Ces avancées, bien que limitées, montrent une stratégie de progression méthodique, mais lente, dans des zones où le terrain est disputé depuis des années.
Défis ukrainiens et russes
Deux dynamiques opposées se dessinent actuellement sur le front.
D’un côté, l’Ukraine parvient à frapper plus profondément et avec une plus grande intensité grâce à l’utilisation massive de drones, une technologie qui lui permet de cibler des infrastructures et des positions russes à l’intérieur même du territoire russe.
Par exemple, des frappes de drones ont été menées sur Moscou, la capitale russe, ce qui a poussé le pouvoir russe à durcir son discours et à renforcer ses mesures de défense anti-drones.
De l’autre, malgré ces attaques et un coût humain et matériel très élevé, l’armée russe continue d’avancer lentement sur le terrain, remettant en question la capacité de l’Ukraine à inverser la tendance et à reprendre les territoires perdus.

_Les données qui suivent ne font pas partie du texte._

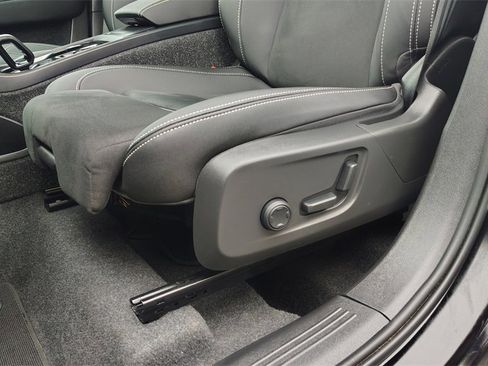 Certified 2025 Volvo XC40 B5 Plus image 10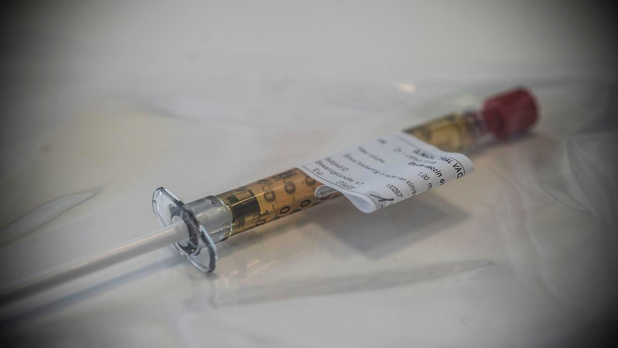 L'essai du vaccin de Johnson &Johnson interrompu en raison d'un participant malade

Ces frappes ukrainiennes, bien que symboliques, n’ont pas encore suffi à stopper l’avancée russe.
Pressions internes en Russie
Les frappes ukrainiennes en profondeur, notamment sur Moscou, ont exacerbé les tensions internes en Russie.
Des nationalistes russes, relayés sur des plateformes comme Telegram, appellent désormais le président Vladimir Poutine à abandonner les négociations avec l’Ukraine, déjà au point mort, et à intensifier la guerre.
Leurs revendications incluent des bombardements massifs des grandes villes ukrainiennes et une mobilisation générale de la population, c’est-à-dire l’appel sous les drapeaux de tous les hommes en âge de combattre.
Cette pression s’exerce alors que le Kremlin envisage une nouvelle vague de mobilisation, très impopulaire, qui pourrait être annoncée en octobre 2026, après les élections législatives de septembre.
La diminution du nombre de volontaires prêts à s’engager dans l’armée russe rend cette mesure nécessaire, mais risquée politiquement.
Contexte stratégique et enjeux
Les données publiées par Deep State et les déclarations de la présidence ukrainienne révèlent une situation militaire complexe.
D’un côté, la Russie, malgré des progrès limités, maintient une pression constante sur le front, avec des gains territoriaux mesurables mais insuffisants pour atteindre ses objectifs stratégiques.
De l’autre, l’Ukraine, bien que capable de frapper en profondeur, peine à inverser la tendance sur le terrain.
Les appels à une escalade de la part des nationalistes russes pourraient pousser le Kremlin à adopter des mesures plus radicales, comme une mobilisation générale ou des bombardements massifs, ce qui risquerait d’aggraver encore le conflit.
Ces dynamiques soulignent l’impasse dans laquelle se trouve la guerre, avec des pertes humaines et matérielles élevées des deux côtés, et aucun signe clair de résolution à court terme.